[Web page caption snippets]
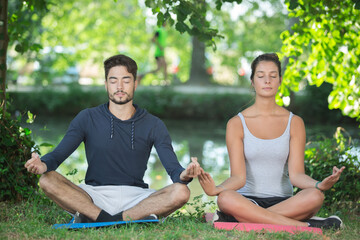 Naklejka na ściany i meble couple doing yoga in a park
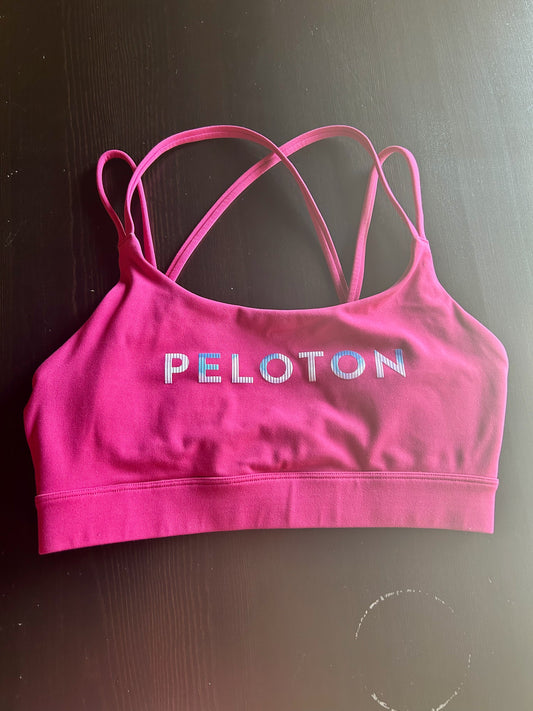 Peloton Size M Pink Magenta Strappy Sports Bra crisscross back design, Peloton logo graphic, removable cups Women's - M
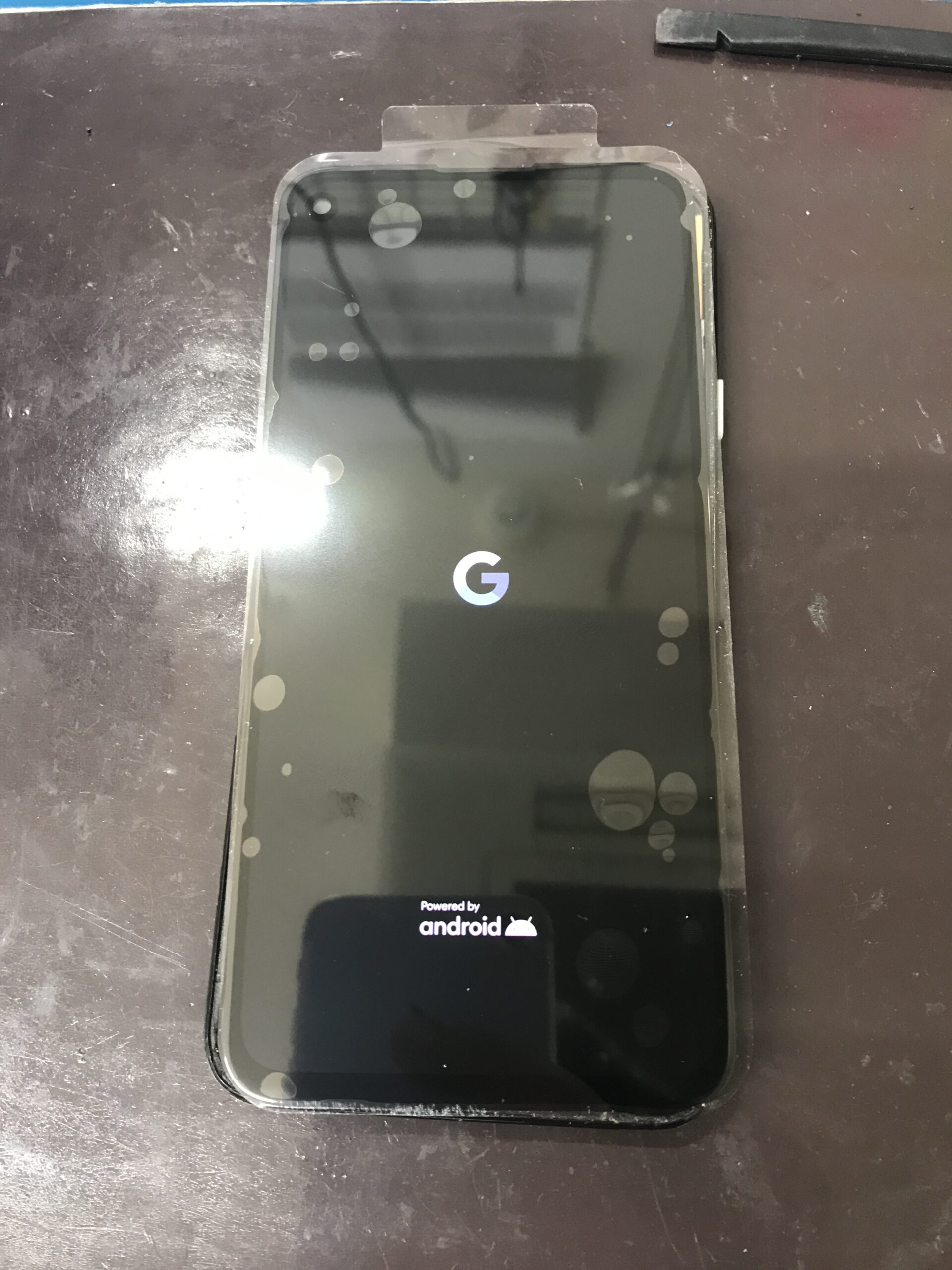 Google Pixel 4aの画面交換中に新しいディスプレイを仮付けして起動確認を行う様子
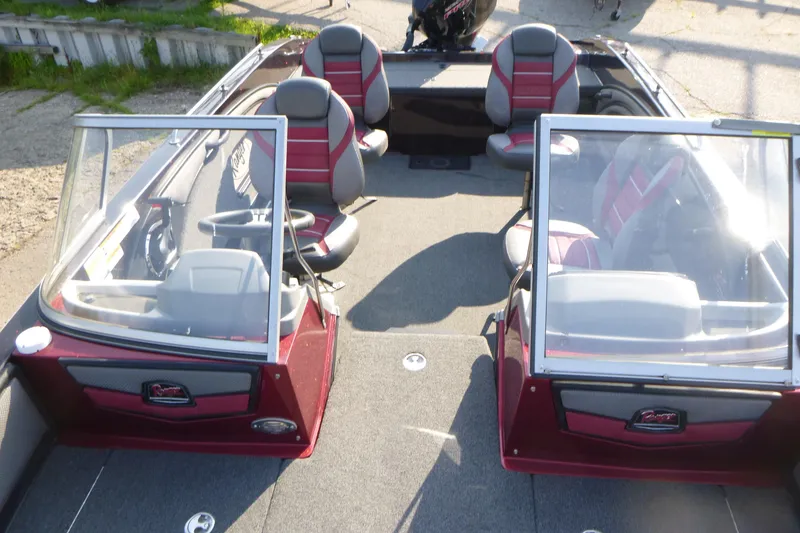 Slide: The Image of 2024 Ranger 2080MS boat interior with red and gray seating, dual consoles, and steering wheel. - 6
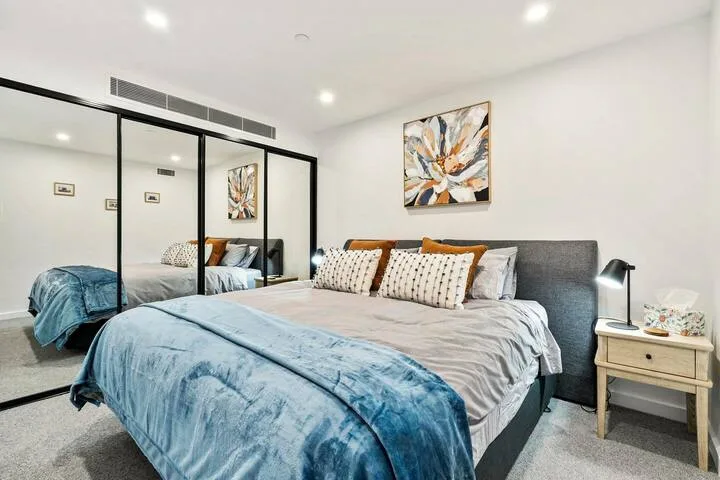 A bright bedroom with a bed, blue bedding, and mirrored closet doors.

■ Problem requirements ■
Repeat the data exactly as written, but without the pictures.

■ Solution below ■
 Naklejka na ściany i meble couple doing yoga in a park
 Peloton Size M Pink Magenta Strappy Sports Bra crisscross back design, Peloton logo graphic, removable cups Women's - M
 Google Pixel 4aの画面交換中に新しいディスプレイを仮付けして起動確認を行う様子
 Slide: The Image of 2024 Ranger 2080MS boat interior with red and gray seating, dual consoles, and steering wheel. - 6
 A bright bedroom with a bed, blue bedding, and mirrored closet doors.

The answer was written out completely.